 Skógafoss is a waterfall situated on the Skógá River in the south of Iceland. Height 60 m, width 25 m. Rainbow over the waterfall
* * *
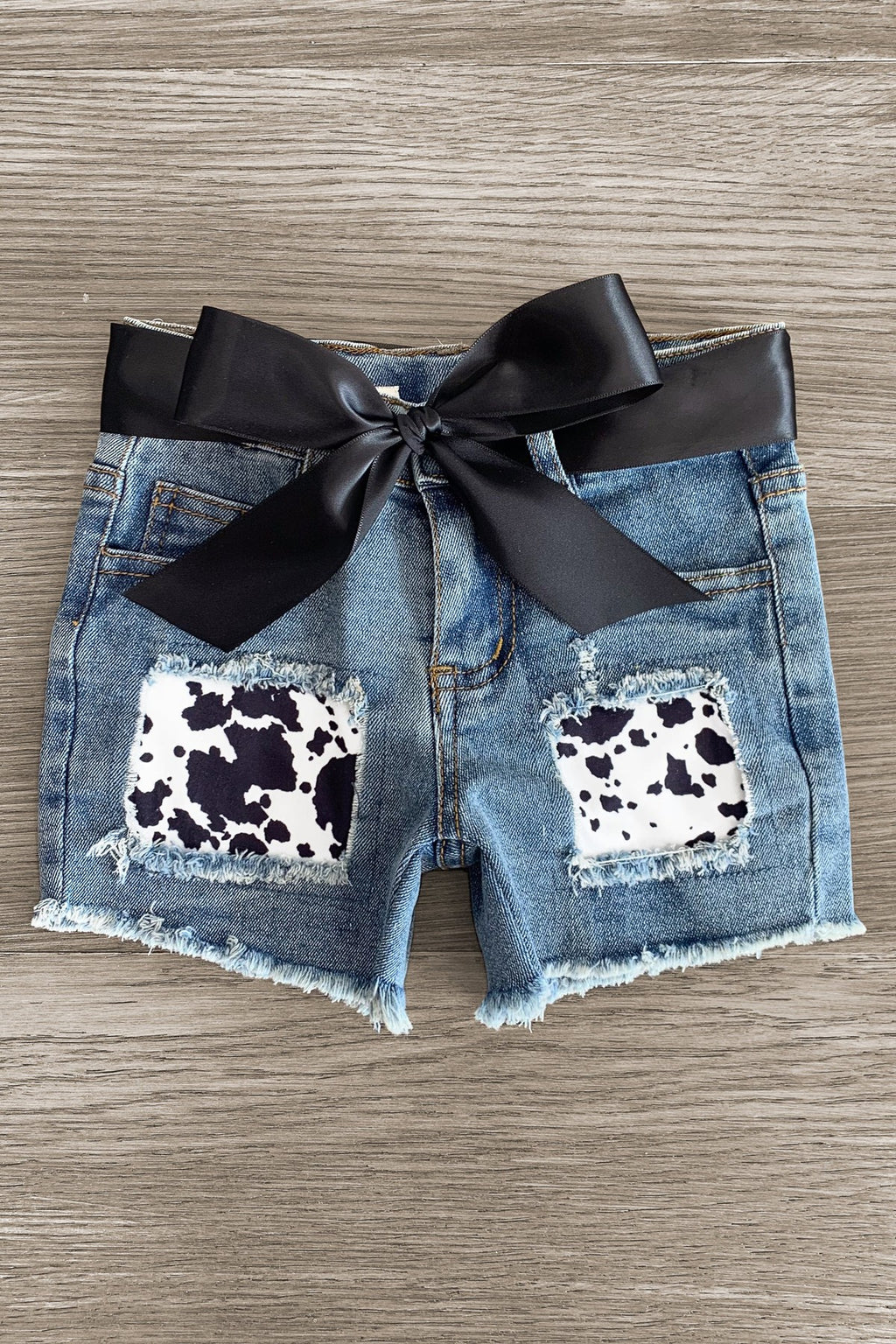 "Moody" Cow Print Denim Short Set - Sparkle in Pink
...
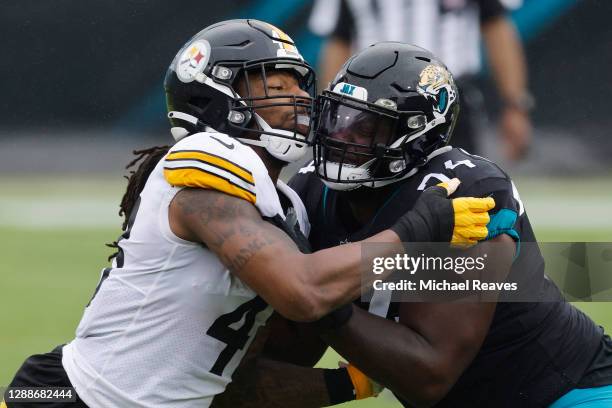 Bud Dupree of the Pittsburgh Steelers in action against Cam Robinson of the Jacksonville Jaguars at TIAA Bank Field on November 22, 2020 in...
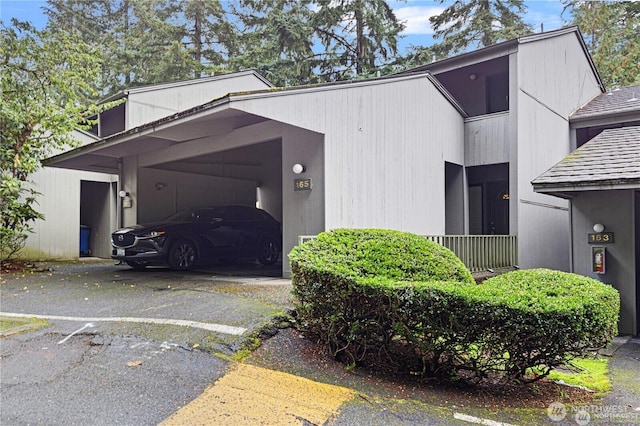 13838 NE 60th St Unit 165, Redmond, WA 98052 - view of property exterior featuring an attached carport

◆ **THE PROBLEM**
Transcribe the lines above exactly, beginning at the one with "Bud Dupree of" and ending at the one with "13838 NE 60th". Include both; exclude the pictures.

◆ **ANSWER BOX**
 Bud Dupree of the Pittsburgh Steelers in action against Cam Robinson of the Jacksonville Jaguars at TIAA Bank Field on November 22, 2020 in...
 13838 NE 60th St Unit 165, Redmond, WA 98052 - view of property exterior featuring an attached carport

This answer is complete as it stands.